Required work
Transcribe the listing exactly, skipping every picture.
#### Data block ####
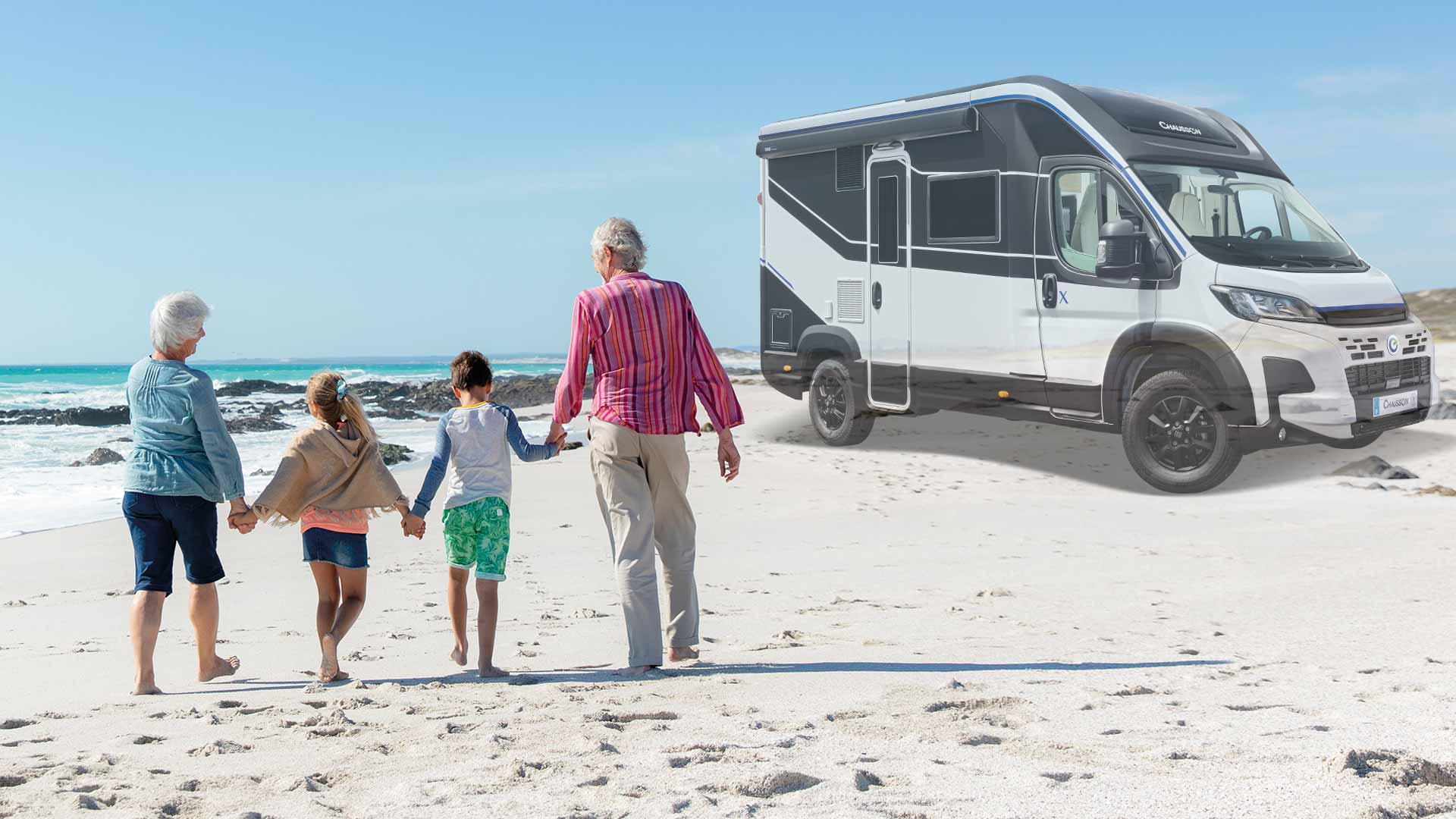 Illustration du projet Valorisation des gammes de produits Chausson : catalogues multilingues et campagne presse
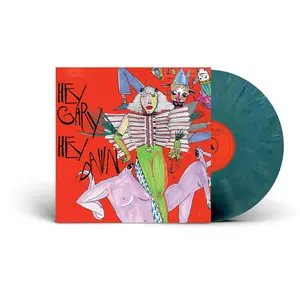 Caleb Landry Jones - Hey Gary, Hey Dawn  [VINYL RECORD - LP]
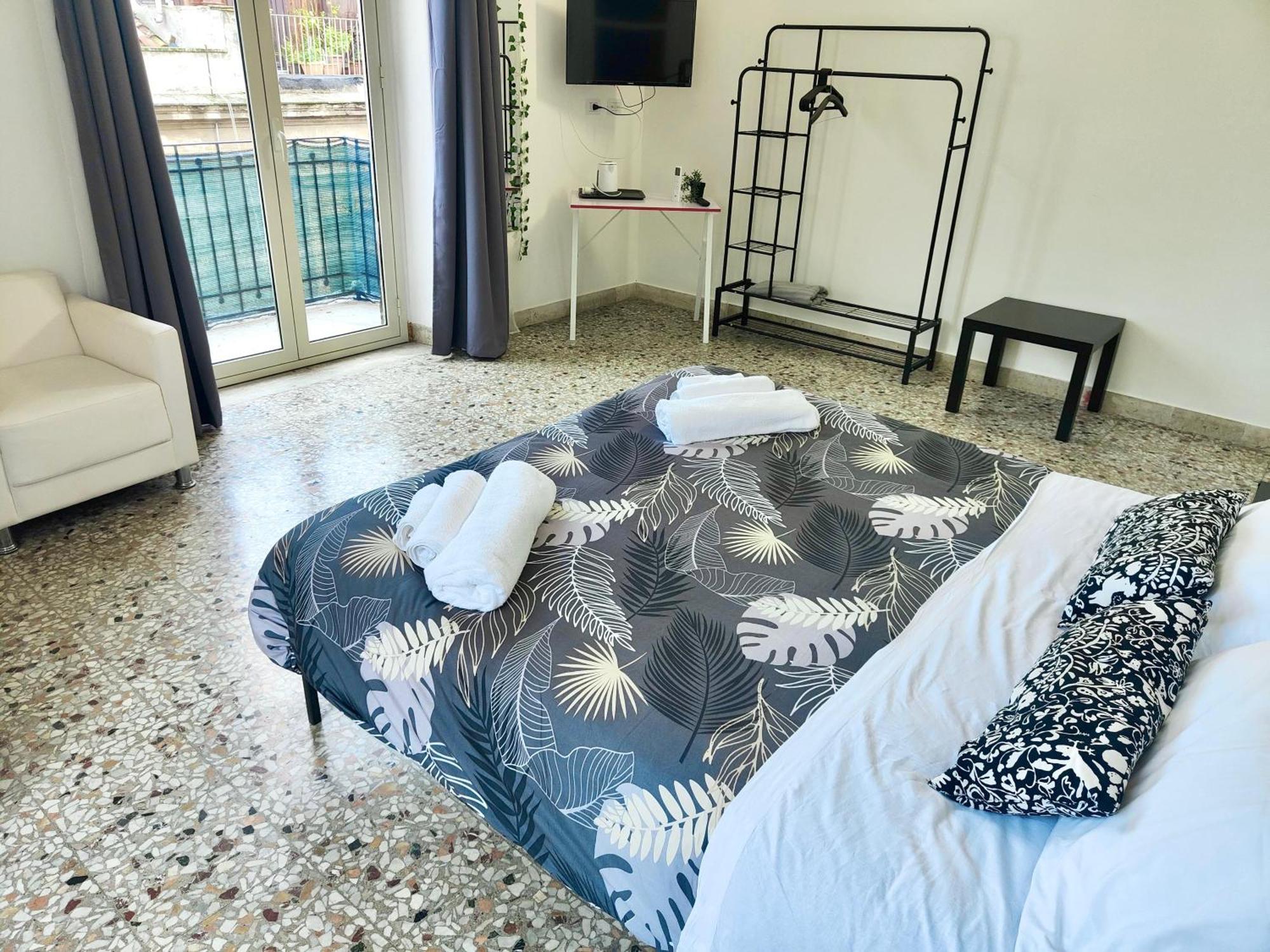 Terramare B&B Катанія Екстер'єр фото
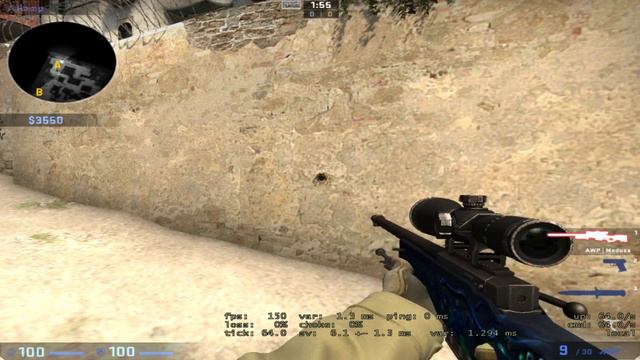 cs:go AWP | Medusa (Field-Tested) use code: tosik on csgoempire смотреть онлайн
####
Output below
 Illustration du projet Valorisation des gammes de produits Chausson : catalogues multilingues et campagne presse
 Caleb Landry Jones - Hey Gary, Hey Dawn  [VINYL RECORD - LP]
 Terramare B&B Катанія Екстер'єр фото
 cs:go AWP | Medusa (Field-Tested) use code: tosik on csgoempire смотреть онлайн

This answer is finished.